Conduciendo un antiguo todo terreno, nuestro protagonista avanzaba por la selva africana. Le gustaba aquella vida de aventura, salpicada de imprevistos que con frecuencia resultaban ser peligrosos, pero de los que siempre conseguía salir con vida.
De repente creyó oír algo. Paró su vehículo y bajó lentamente rifle en mano. Aspiró un olor desagradable y lo siguiente que sintió fue un cuerno de rinoceronte que le golpeaba con fuerza en el costado.
Todo sucedió demasiado rápido. Cayó al suelo. Intentó moverse, pero un intenso dolor le oprimía el pecho, “posiblemente alguna costilla rota, eso en el mejor de los casos”, pensó.
A pocos metros el animal resoplaba amenazando con un nuevo ataque.
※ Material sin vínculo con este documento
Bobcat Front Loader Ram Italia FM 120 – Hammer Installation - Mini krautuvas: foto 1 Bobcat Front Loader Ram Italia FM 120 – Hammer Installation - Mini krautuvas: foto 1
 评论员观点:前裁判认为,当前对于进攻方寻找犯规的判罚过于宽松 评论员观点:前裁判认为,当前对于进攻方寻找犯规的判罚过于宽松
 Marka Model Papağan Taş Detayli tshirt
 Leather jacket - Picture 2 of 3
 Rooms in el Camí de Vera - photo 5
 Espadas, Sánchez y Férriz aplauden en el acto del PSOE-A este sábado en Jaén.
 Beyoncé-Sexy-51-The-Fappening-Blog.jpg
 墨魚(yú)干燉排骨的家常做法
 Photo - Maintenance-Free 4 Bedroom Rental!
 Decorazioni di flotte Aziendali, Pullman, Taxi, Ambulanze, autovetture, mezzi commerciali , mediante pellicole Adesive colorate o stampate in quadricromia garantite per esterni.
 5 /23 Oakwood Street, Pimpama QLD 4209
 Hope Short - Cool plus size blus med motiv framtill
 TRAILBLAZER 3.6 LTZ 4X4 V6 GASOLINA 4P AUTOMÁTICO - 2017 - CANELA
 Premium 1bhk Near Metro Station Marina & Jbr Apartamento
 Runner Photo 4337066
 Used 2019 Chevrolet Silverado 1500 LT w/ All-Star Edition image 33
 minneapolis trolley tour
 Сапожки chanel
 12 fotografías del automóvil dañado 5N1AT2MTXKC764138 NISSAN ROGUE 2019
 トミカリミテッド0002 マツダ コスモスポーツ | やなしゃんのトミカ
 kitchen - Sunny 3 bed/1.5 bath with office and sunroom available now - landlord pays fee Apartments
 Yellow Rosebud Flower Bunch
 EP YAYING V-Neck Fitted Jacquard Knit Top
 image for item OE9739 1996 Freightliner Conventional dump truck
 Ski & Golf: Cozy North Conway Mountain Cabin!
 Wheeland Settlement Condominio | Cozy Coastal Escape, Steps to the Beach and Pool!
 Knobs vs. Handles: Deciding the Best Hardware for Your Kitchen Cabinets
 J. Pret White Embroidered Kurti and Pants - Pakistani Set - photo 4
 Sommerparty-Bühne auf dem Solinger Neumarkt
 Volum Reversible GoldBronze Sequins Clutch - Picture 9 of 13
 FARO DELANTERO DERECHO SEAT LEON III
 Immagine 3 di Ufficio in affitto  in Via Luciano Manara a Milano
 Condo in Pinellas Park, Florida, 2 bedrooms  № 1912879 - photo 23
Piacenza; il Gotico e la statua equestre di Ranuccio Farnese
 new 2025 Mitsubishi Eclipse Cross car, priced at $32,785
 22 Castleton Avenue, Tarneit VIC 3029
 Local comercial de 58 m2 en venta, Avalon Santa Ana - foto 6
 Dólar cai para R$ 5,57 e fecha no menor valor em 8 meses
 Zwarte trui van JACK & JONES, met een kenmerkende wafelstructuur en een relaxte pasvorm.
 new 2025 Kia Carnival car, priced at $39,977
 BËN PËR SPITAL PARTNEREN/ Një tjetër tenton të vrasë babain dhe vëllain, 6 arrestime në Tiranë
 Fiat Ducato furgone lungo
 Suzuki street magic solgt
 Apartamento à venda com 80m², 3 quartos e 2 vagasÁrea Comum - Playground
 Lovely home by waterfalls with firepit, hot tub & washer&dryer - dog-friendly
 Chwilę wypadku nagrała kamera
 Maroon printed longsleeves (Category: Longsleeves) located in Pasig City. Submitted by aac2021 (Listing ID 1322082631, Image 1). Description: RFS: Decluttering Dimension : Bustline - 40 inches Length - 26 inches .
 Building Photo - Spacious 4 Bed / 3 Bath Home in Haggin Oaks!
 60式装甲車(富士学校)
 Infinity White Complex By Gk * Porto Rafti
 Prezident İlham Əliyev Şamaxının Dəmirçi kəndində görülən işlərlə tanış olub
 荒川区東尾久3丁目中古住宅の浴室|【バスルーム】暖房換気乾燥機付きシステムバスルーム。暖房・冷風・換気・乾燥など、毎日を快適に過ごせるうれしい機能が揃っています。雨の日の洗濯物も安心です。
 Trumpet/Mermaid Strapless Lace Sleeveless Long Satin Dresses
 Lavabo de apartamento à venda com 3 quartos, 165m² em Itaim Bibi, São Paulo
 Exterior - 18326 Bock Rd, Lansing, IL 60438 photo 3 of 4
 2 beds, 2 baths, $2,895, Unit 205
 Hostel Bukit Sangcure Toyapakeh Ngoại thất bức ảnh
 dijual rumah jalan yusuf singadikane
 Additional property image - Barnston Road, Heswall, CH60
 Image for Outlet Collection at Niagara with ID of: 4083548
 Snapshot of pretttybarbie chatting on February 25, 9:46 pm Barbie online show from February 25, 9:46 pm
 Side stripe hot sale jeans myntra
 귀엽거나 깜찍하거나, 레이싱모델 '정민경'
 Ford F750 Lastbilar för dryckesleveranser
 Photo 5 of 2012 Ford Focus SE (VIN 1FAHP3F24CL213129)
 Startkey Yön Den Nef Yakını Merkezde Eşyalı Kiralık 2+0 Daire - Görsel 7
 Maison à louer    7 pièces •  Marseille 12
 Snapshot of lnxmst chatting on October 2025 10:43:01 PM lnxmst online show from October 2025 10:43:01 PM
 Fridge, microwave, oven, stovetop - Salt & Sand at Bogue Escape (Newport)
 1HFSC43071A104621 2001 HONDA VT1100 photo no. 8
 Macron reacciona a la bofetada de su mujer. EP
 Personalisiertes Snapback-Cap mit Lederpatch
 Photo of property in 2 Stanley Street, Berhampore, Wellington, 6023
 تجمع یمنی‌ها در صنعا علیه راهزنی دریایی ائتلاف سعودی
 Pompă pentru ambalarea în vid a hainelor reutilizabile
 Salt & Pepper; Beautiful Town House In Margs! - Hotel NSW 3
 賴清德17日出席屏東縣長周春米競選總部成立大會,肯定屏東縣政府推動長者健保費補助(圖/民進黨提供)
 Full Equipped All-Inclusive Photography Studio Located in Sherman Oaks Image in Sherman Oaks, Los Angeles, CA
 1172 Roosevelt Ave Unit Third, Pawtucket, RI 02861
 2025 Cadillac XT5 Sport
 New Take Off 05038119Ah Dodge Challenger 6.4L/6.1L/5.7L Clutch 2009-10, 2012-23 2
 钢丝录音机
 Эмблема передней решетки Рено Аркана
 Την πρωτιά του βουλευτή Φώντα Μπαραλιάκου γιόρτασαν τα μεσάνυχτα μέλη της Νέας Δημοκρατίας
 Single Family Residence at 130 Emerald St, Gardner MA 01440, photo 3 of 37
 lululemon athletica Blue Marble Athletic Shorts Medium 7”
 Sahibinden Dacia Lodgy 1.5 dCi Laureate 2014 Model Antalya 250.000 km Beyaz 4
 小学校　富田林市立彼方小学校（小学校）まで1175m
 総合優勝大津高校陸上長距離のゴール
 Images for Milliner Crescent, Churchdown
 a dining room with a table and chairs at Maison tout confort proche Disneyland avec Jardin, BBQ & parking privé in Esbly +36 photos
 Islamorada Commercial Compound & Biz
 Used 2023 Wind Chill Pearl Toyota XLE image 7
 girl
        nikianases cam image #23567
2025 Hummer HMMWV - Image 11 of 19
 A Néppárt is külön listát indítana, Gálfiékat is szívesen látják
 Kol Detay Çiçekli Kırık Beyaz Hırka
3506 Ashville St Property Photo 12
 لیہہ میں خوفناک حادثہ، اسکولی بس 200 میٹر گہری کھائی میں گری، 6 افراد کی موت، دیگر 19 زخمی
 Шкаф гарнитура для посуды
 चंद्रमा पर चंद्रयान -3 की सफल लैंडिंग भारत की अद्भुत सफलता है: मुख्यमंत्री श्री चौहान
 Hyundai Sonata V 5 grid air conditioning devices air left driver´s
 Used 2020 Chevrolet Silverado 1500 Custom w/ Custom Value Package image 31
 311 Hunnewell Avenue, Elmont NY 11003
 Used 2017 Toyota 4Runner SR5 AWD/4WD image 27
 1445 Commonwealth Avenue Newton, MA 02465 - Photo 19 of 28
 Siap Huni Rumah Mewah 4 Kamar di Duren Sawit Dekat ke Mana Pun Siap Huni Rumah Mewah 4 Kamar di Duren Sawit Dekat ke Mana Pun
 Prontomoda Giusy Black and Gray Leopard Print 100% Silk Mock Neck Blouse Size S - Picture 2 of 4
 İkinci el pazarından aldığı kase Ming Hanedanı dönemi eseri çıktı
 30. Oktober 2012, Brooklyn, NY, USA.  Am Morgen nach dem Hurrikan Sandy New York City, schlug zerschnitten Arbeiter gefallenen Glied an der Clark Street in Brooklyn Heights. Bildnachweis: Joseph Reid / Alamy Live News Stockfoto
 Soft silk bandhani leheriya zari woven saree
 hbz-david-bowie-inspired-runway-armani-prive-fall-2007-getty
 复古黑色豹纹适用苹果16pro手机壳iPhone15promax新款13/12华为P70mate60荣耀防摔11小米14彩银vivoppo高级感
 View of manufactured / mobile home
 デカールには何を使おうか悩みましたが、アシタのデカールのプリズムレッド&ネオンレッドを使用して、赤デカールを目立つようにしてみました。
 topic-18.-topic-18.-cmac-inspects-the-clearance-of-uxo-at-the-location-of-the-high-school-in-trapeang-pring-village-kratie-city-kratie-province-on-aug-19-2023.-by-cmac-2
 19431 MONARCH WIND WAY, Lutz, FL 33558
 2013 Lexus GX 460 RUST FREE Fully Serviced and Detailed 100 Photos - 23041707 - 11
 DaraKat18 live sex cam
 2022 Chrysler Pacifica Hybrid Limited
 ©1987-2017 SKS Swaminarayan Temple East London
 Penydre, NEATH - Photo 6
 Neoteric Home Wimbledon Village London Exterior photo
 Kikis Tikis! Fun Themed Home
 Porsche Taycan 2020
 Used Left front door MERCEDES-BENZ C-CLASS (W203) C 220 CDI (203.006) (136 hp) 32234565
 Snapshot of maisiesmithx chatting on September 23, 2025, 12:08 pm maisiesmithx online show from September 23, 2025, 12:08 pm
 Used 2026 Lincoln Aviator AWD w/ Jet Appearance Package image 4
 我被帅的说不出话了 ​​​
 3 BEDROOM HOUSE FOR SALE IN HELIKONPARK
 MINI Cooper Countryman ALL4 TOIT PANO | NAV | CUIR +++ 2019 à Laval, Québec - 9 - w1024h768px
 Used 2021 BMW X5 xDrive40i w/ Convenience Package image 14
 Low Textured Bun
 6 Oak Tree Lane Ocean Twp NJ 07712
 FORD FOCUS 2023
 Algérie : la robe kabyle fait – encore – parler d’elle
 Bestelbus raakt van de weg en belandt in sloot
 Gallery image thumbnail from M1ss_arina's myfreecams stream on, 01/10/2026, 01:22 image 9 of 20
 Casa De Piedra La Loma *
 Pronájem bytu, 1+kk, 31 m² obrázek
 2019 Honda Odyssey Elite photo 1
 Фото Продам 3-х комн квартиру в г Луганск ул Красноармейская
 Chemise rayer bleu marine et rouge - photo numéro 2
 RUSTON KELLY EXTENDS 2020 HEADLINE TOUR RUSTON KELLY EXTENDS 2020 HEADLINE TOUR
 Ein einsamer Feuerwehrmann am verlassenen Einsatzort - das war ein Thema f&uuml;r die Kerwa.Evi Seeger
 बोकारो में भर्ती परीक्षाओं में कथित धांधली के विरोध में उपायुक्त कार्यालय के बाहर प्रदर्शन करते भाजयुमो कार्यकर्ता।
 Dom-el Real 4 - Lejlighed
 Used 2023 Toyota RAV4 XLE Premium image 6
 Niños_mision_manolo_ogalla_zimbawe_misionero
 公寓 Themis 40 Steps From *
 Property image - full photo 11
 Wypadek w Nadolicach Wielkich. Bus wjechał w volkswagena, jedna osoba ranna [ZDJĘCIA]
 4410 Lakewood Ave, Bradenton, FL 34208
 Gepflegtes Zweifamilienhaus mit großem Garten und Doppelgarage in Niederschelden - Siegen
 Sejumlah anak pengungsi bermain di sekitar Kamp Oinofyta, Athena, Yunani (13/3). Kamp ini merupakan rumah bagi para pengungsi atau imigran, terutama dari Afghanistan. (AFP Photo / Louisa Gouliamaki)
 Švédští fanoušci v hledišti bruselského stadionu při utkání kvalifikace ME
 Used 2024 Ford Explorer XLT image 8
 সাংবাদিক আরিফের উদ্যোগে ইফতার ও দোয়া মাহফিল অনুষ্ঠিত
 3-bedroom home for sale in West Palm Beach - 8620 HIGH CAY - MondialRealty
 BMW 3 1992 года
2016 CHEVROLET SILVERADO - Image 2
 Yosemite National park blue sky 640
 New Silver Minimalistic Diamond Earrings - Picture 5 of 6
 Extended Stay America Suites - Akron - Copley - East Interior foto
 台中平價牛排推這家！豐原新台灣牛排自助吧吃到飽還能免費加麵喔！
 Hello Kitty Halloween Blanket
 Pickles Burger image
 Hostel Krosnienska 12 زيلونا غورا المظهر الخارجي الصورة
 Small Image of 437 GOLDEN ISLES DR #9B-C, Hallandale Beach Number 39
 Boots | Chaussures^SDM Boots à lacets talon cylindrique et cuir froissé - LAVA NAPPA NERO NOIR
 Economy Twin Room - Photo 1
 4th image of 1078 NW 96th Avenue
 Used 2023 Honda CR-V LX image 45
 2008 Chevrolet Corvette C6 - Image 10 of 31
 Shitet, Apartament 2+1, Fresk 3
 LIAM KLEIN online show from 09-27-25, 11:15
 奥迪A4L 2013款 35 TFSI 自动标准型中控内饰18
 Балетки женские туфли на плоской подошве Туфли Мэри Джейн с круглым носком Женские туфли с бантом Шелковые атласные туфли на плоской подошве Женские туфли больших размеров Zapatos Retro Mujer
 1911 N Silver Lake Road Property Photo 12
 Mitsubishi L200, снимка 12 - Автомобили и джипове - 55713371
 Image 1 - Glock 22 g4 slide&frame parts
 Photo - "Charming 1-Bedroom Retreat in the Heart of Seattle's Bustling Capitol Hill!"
Sintió miedo, un miedo profundo, sin esperanza. Cuando la bestia arrancó y bajó la cabeza para la última embestida, supo que iba a morir.
Entonces el dibujante dudó, lo miró con ternura dejando el lápiz encima de la mesa. Se levantó, apagó la luz y salió por la puerta del estudio. En el silencio del papel, nuestro protagonista, con un hilillo de sangre en la boca y como tantas otras veces, esbozó una sonrisa de esperanza.